Australia — Firefighters would be able to accurately predict the future path of bushfires and reduce the risks of catastrophes using world-first technology being developed by WA scientists and authorities.
With summer and the official start of the bushfire season opening tomorrow, FESA said it would look to trial the technology to see whether it improves its ability to respond to extreme blazes.
The system is a computer-generated simulator known as Australis that uses satellite images and data such as fuel loads and weather forecasts to track and predict the movements of bushfires.
Funded through $5.6 million of State and Federal Government money, the project has been driven by scientists from UWA and more lately, land information agency Landgate and FESA.
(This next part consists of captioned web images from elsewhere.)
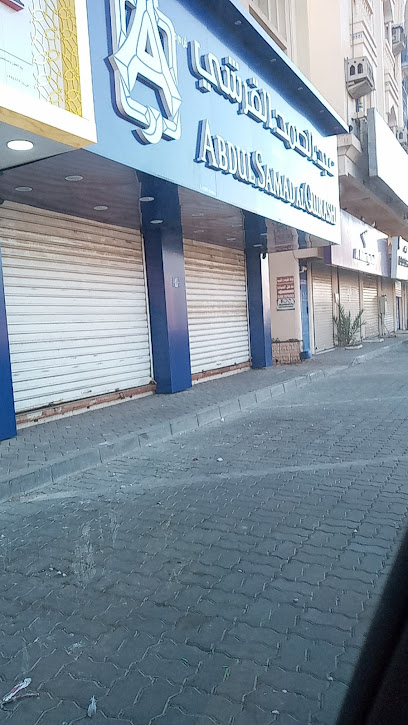 عبدالصمد القرشي - Oman|Sohar|Al Wiqaybah St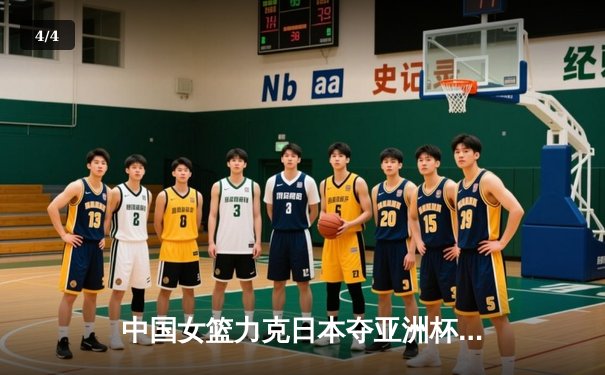 中国女篮力克日本夺亚洲杯冠军 韩旭狂砍26分15篮板荣膺MVP - 4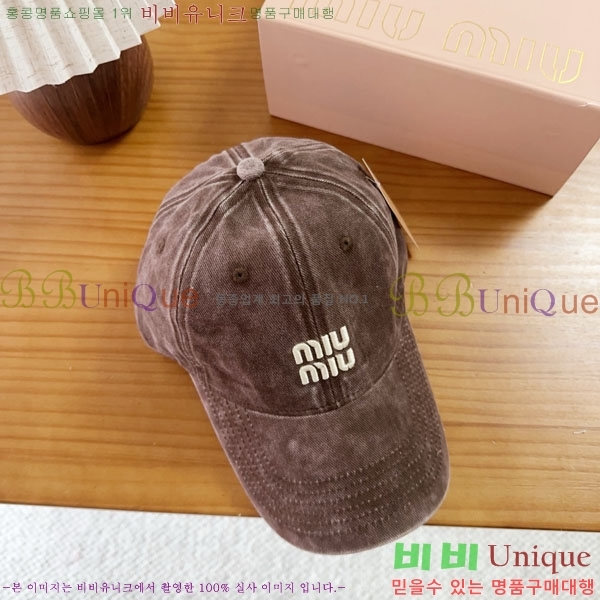 �̿�̿� ���� MU22686-4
While it is only a third of the way through a three-year trial, its designers are expected to have it completed by July 2013.
New FESA Commissioner Wayne Gregson, who was given a demonstration of the simulator today, said it would be a critical tool in helping firefighters manage infernos and could ultimately save lives and homes.
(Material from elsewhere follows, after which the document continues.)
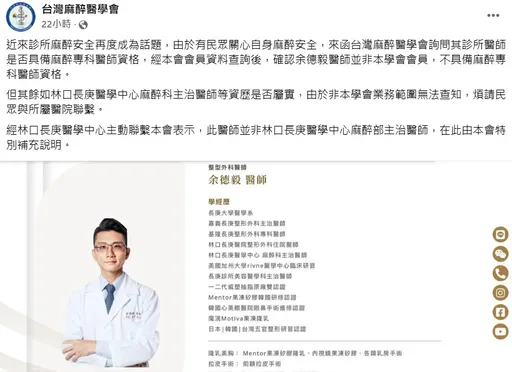 整形醫師經歷造假?麻醉學會、林口長庚都跳出來揭穿他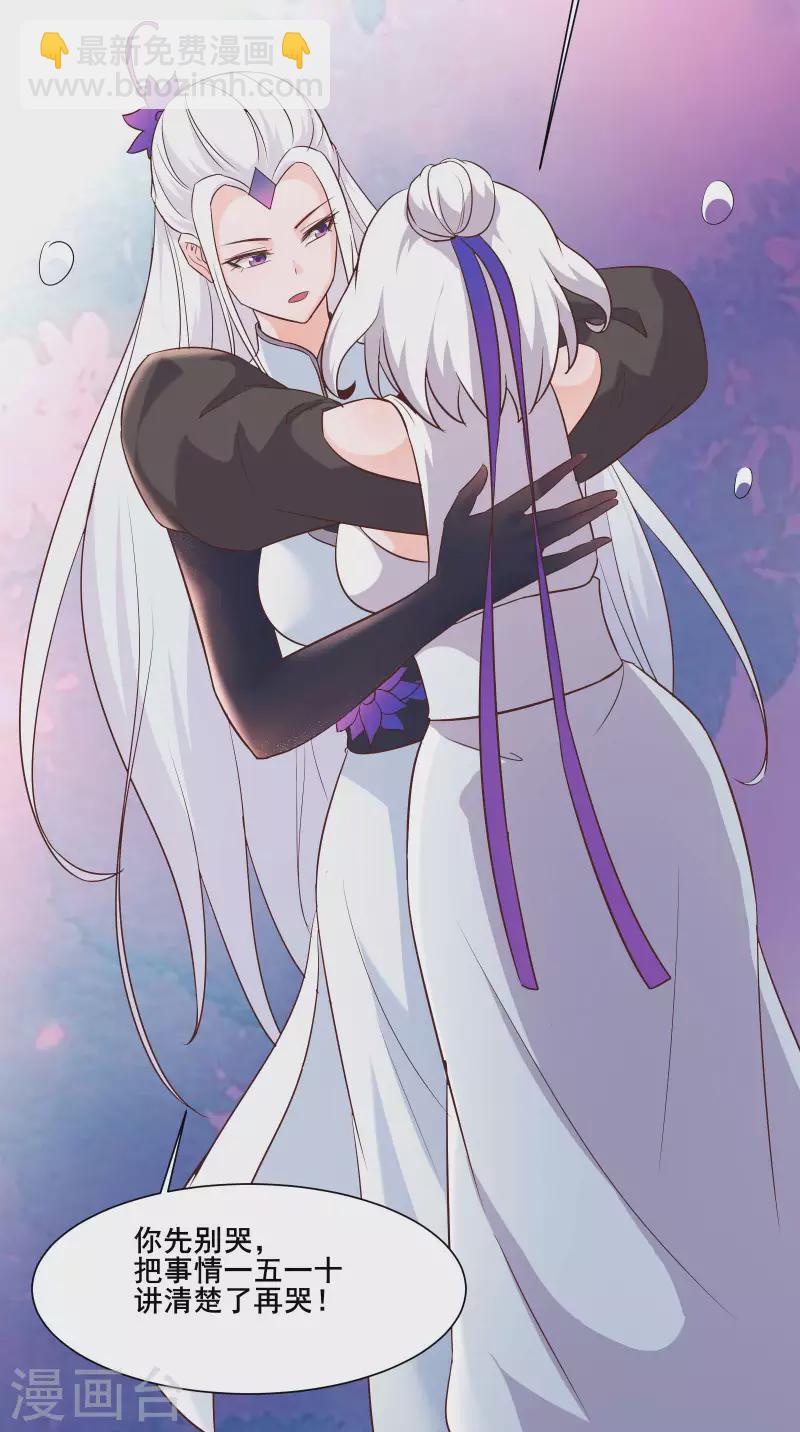 🍣徒弟都是女魔头 第30话 师尊他们回来了？ 第34页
Mr Gregson hoped that if the trial proved successful and the system’s design progressed smoothly, it could be brought on line in a meaningful way as early as next year.
“It’s about having better tools in your kit-bag so that you can make better operational decisions and if you’re making those decisions then the outcomes of your response are going to be better and that means we can save more lives and property,” he said.
George Milne, of the school of computer science and software engineering at UWA, said researches would simulate data from major historical fires to test the accuracy of the system’s predictions.
Landgate boss Mike Bradford said the agency had long had the capacity through its satellite images to track bushfires but the simulator would allow authorities to forewarn people and communities further in advance.